Where does the air come from? It’s in the cold water when you first fill the system. It’s dissolved in solution, and cold water holds a lot more air that hot water. When you heat the water, the air comes out of solution and starts to whip around the system like BBs. If you vent the air, the system pressure will drop. You’ll have to add more cold water to bring the pressure back up to it’s normal level, and when you do, you’ll be letting even more air into the system.

But this doesn’t have to be a big problem. All you have to do is catch the air before it has a chance to get out into the system. That’s where the air separator comes in.

AS also stands for “It ain’t the same!”

Bell & Gossett’s IAS air separator has no moving parts. It uses air’s natural buoyancy to get the job done. Let’s take a look inside one.

IAS stands for Inline Air Separator. It has two chambers, and it’s a bit wider than the pipe it serves. We separated the two chambers with an orifice, and therein lies the secret to the IAS’s great performance.

An orifice is a hole that’s a bit smaller than the chamber itself. Air-laden water flows down the pipe and enters the “wide space in the road” – the IAS. Naturally, as the water widens out in the IAS, it also slows down. That slowing motion releases the air bubbles in the same way a slowing river current releases floating debris.

The air bubbles quickly float to the top of the first chamber and get trapped by the wall of iron that makes up the orifice and flows to the radiators. Since the IAS snatches the air out of the flow just as it leaves the boiler; the air doesn’t get a chance to create problems out in the system.

Once captured, the IAS vents the air out of the system through an automatic air vent, which you’ll install in the IAS’s top tapping. If you’re using a plain steel compression tank, the IAS will pass the air up into the tank.

An imagination exercise…

A good way to picture the IAS’s operation is to imagine that you’re in a room with a few dozen helium-filled balloons and an electric fan. The room has a door that leads to another room of a similar size.

Now, imagine that the room you’re in is the IAS air separator and that the door is the orifice. The balloons represent the air bubbles.

When you let go of the balloons, they’ll rise to the ceiling because helium is lighter than air (just as the air bubbles in our heating system will rise because they’re lighter than water).

Now turn on the fan to simulate the flow of water through the air separator. Point the fan at the door (the orifice) that leads to the other room. Do the balloons escape from the first room? No, they can’t, can they? They’ve been trapped by the wall above the doorway – just as the air bubbles in the IAS are trapped by the wall of iron above the orifice.

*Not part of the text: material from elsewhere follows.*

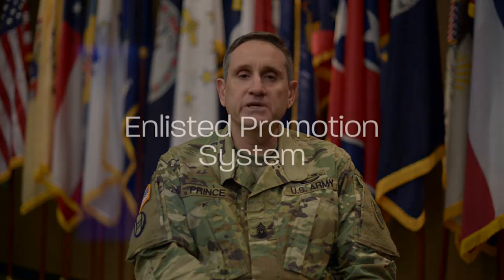Hello, I'm Command Sergeant Major Russell Prince, the State Command Sergeant Major for the North Carolina National Guard. I want to speak to you today about a subject that I'm very passionate about, and that is the enlisted promotion system, otherwise known as the EPS.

We use the second chamber in the IAS to make sure a whirlpool doesn’t form at the center of the orifice. Going from a wide space to a narrow space and then again back to wide space creates a “quiet zone” just above the inlet to the orifice. That second chamber on the outlet side of the orifice keeps the air from being sucked into the system. Beautifully simple, isn’t it?

“Scoops” are different

Other types of air separators use an inclined plane to remove air. These are commonly called “air scoops.” We decided to use the orifice design instead of the “scoop” design for the IAS after extensive testing in our research lab convinced us that an orifice removes more air on each pass. We figured the more air we could catch the better. Makes sense, doesn’t it? (That’s why IAS also stands for “It Ain’t the Same!”)

That top tapping in the IAS is 3/4″ We decided on a 3/4″ tapping instead of the 1/8″ tapping you’ll find on the “scoops” because we wanted you to have as many options as possible. With a ¾” tapping, you can use either a residential or a commercial type of air vent. Its your choice.

And because the tapping is 3/4″ and not 1/8″, you can also use the IAS air separator with a steel compression tank if you wish. Many times those tanks are there in the basement already. They’re free! Why not take advantage of them? We figure the choice should be yours. And doesn’t it make sense that air will leave the system piping faster through a 3/4″ opening than it will through a 1/8″ opening? That’s why we gave it to you.

The bottom tapping on the IAS is 1/2″. You can use this tapping to connect either the diaphragm tank (if you’re using a diaphragm tank) or the feed valve. Again, the option is yours.

Any hot water heating system can be made better with an air separator such as the IAS. It does a find job, and it doesn’t cost a fortune.

Remember, automatic air vents installed at the high points of a system can’t effectively remove entrained air bubbles from the high-speed flow we see in modern hydronic systems. You have to snatch those bubbles out of the flow. And that’s exactly what the IAS does.